The largest translation effort in the world services 200 million users a month, translating the textual equivalent of 1 million books a day. Can you guess who that might be? With numbers like that, you know its gotta be Google.
Franz Och, Distinguished Research Scientist, (his title, not mine) at Google Translate marked six years of progress in a recent post at Google Translate Blog.
In just one day, Google translates as much as all the professional translators in the world translate in a year, says Google. A million books multiplied by 100,000 words per book is 10 billion words.

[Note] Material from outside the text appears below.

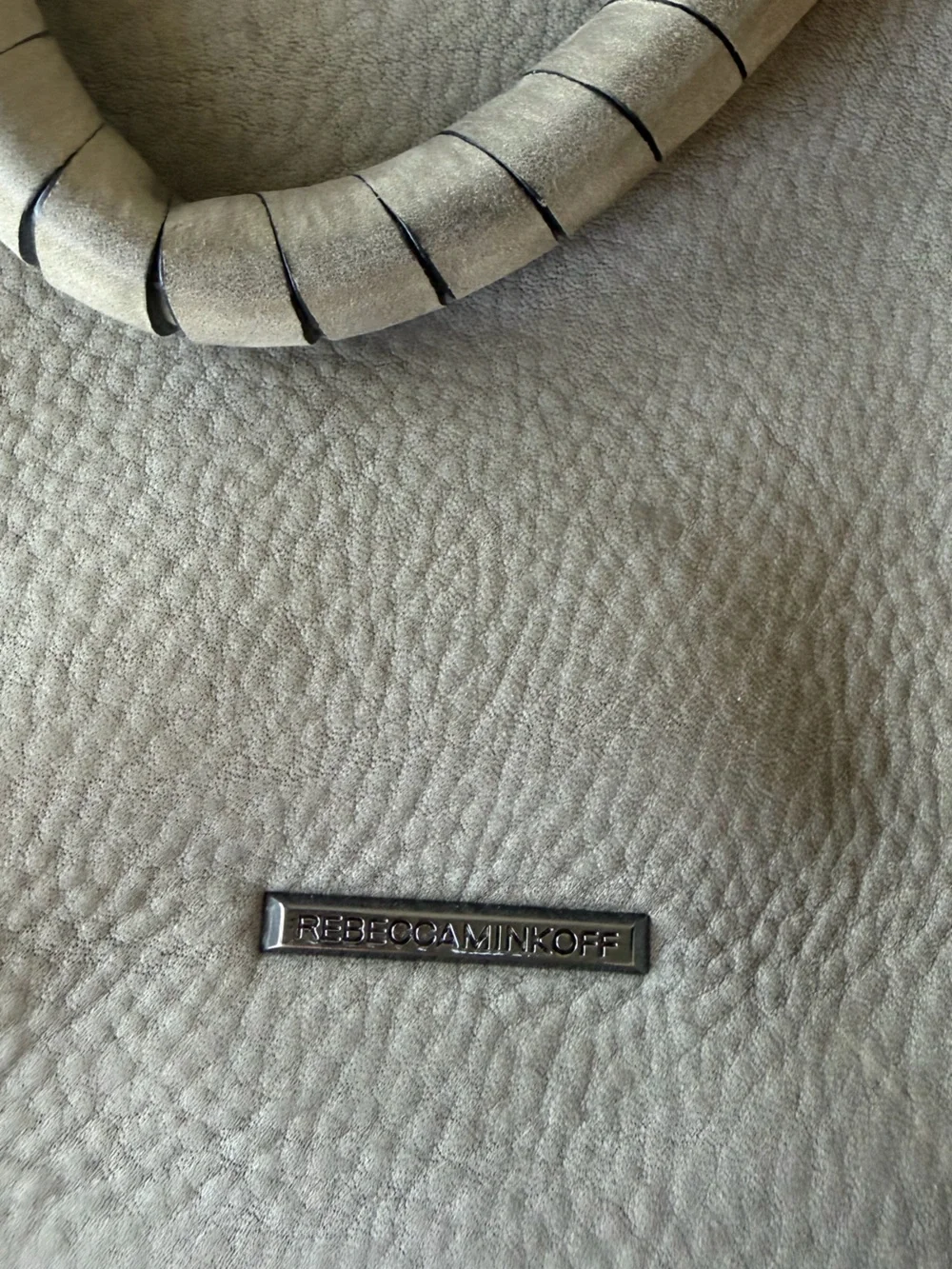 Rebecca Minkoff Suede Bag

Only Google has the rack space to run this kind of volume, and the technology to do it efficiently. When they started out, the distinguished Och reports that it took 40 hours and 1000 machines to translate 1000 sentences, which for those of you lacking a technical background means that it sucked. “So we focused on speed, and a year later our system could translate a sentence in under a second, and with better quality. In early 2006, we rolled out our first languages: Chinese, then Arabic.” Now Google offers 62 languages total, and has a pretty good kit for the less commonly translated languages, so many more to come.

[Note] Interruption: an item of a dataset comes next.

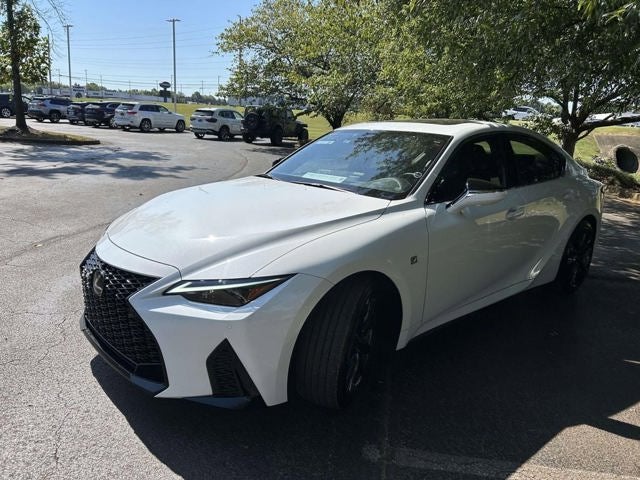 2024 Lexus IS 350 F SPORT F SPORT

While those human translators billed billions for their billions of words, Google just gives the translations away, although it now costs money to license the app, at something like a penny or two per page, my best guess about .03 % the cost of human translation (Note: that’s 3/100 of a percent, not 3%)
And a tip of the hat (from me, not the distinguished Och), to all of you who spend your lives translating words for a few pennies each. Thanks to your for providing all the good, paid translation that Google then scoops up in order to turn into bad, free translation. As the distinguished Och notes, “we believe that as machine translation encourages people to speak their own languages more and carry on more global conversations, translation experts will be more crucial than ever.” Note that he said “translation experts” not “translators.”
But dollars and cents really don’t give a sense of what a transformative technology machine translation has become thanks to Google’s reach. Google Translate reports that 92% of queries originate outside the Unites States, and that use of Google Translate on mobiles is increasing at four times the rate of desk-bound systems. So Google Translate will become even more ubiquitous in the future than it is now.
Google has taken their current statistical approach as far as it can go, say I. For years statistical machine translation guys have been asking for more data. But Google Translate reached critical mass a long time ago, and even vast new stores of data have had only the most incremental impact on the quality of their machine translation.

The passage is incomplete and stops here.